# Jena Climate – Single‑Step Temperature Forecasting with LSTM
This notebook builds an LSTM model that predicts the temperature 1 hour ahead (i.e. 6 time‑steps) based on past climate sensor readings recorded at the Max Planck Institute for Biogeochemistry in Jena.

## 1. Imports & Download

In [1]:
import tensorflow as tf
import pandas as pd
import numpy as np
import keras, pathlib, urllib, zipfile

2025-04-27 11:29:20.166623: I tensorflow/core/util/port.cc:153] oneDNN custom operations are on. You may see slightly different numerical results due to floating-point round-off errors from different computation orders. To turn them off, set the environment variable `TF_ENABLE_ONEDNN_OPTS=0`.
2025-04-27 11:29:20.167095: I external/local_xla/xla/tsl/cuda/cudart_stub.cc:32] Could not find cuda drivers on your machine, GPU will not be used.
2025-04-27 11:29:20.169872: I external/local_xla/xla/tsl/cuda/cudart_stub.cc:32] Could not find cuda drivers on your machine, GPU will not be used.
2025-04-27 11:29:20.178014: E external/local_xla/xla/stream_executor/cuda/cuda_fft.cc:467] Unable to register cuFFT factory: Attempting to register factory for plugin cuFFT when one has already been registered
E0000 00:00:1745753360.189505    9646 cuda_dnn.cc:8579] Unable to register cuDNN factory: Attempting to register factory for plugin cuDNN when one has already been registered
E0000 00:00:1745753360.19

## 2. Retrieve dataset

In [None]:
data_dir  = pathlib.Path("data/jena_climate")
data_dir.mkdir(exist_ok=True)
csv_path  = data_dir / "jena_climate_2009_2016.csv"
zip_path  = data_dir / "jena_climate_2009_2016.csv.zip"

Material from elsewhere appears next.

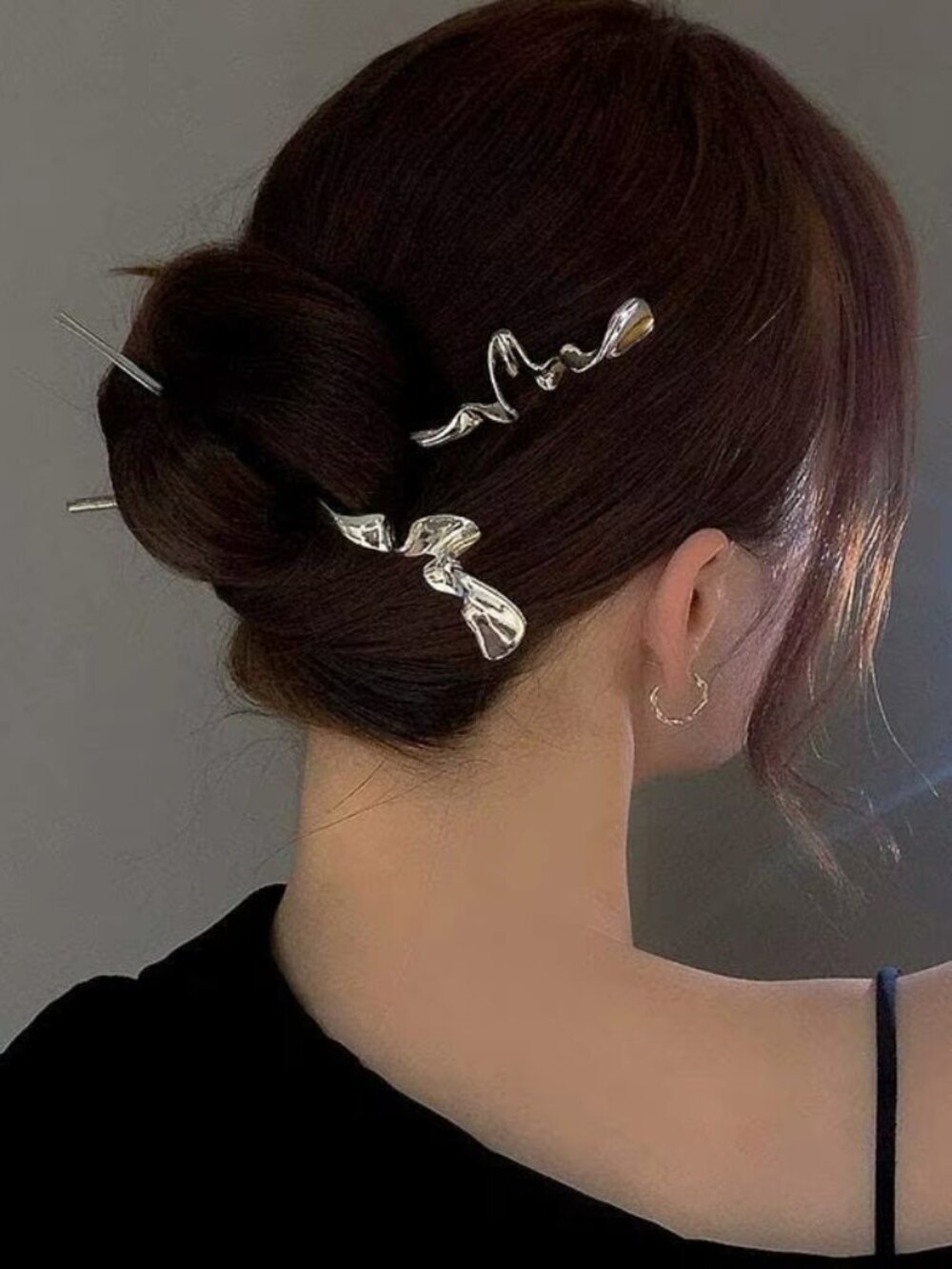 1pcs Chinese Style Hair Stick Combat Throwing dart Anime Silver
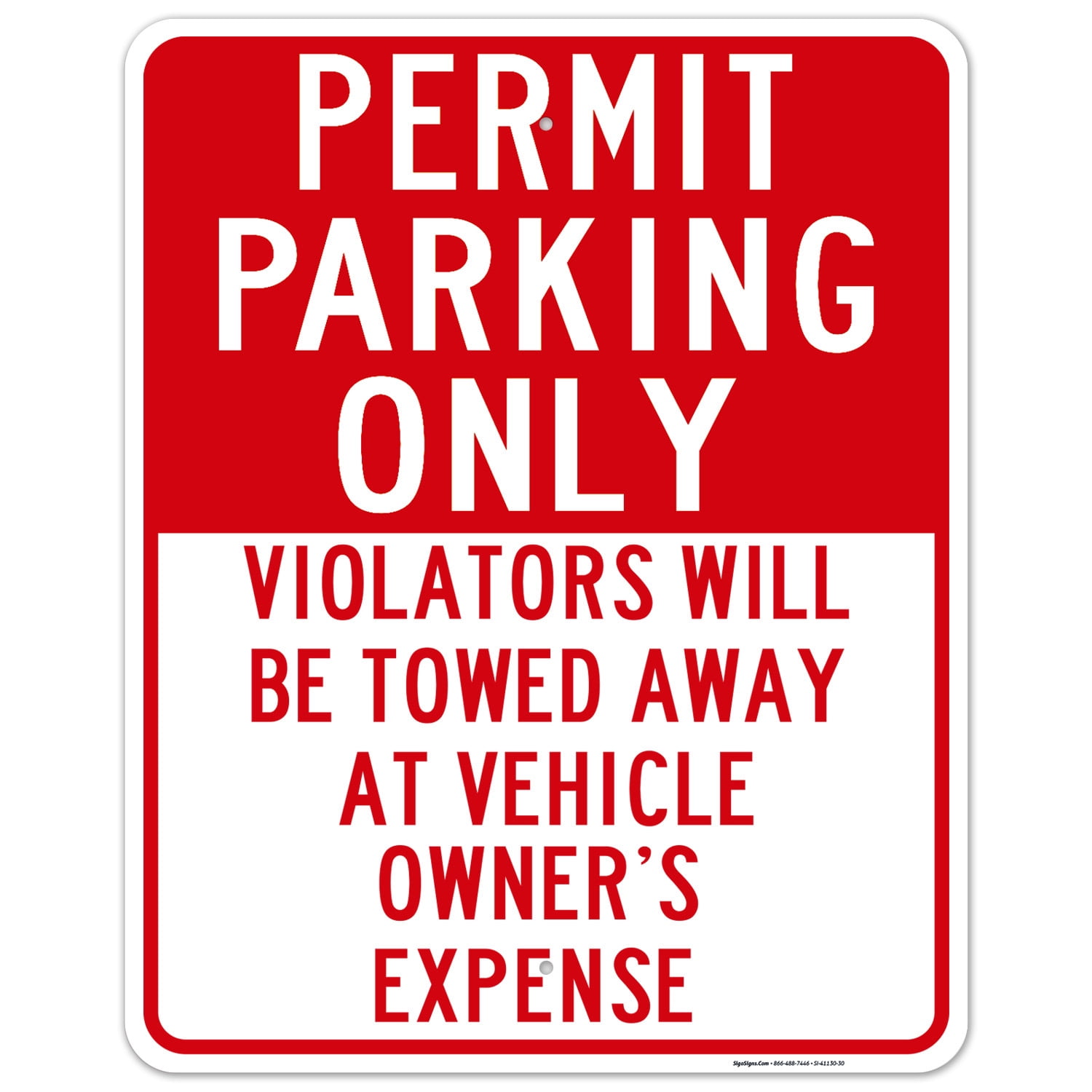 Permit Parking Only Red Sign, Board, 24x30 Aluminum - Walmart.com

# file download if not csv_path.exists():
if not csv_path.exists():
    if not zip_path.exists():
        url = "https://storage.googleapis.com/tensorflow/tf-keras-datasets/jena_climate_2009_2016.csv.zip"
        print("Downloading Jena Climate dataset …")
        keras.utils.get_file(origin=url, fname=zip_path.name, cache_dir=".", cache_subdir=str(data_dir))
    print("Extracting", zip_path)
    with zipfile.ZipFile(zip_path, "r") as zf:
        zf.extractall(data_dir)
    zip_path.unlink()

# CSV load
df = pd.read_csv(csv_path)
df = df.drop(columns=["Date Time"])
print("Loaded:", csv_path, "→ shape:", df.shape)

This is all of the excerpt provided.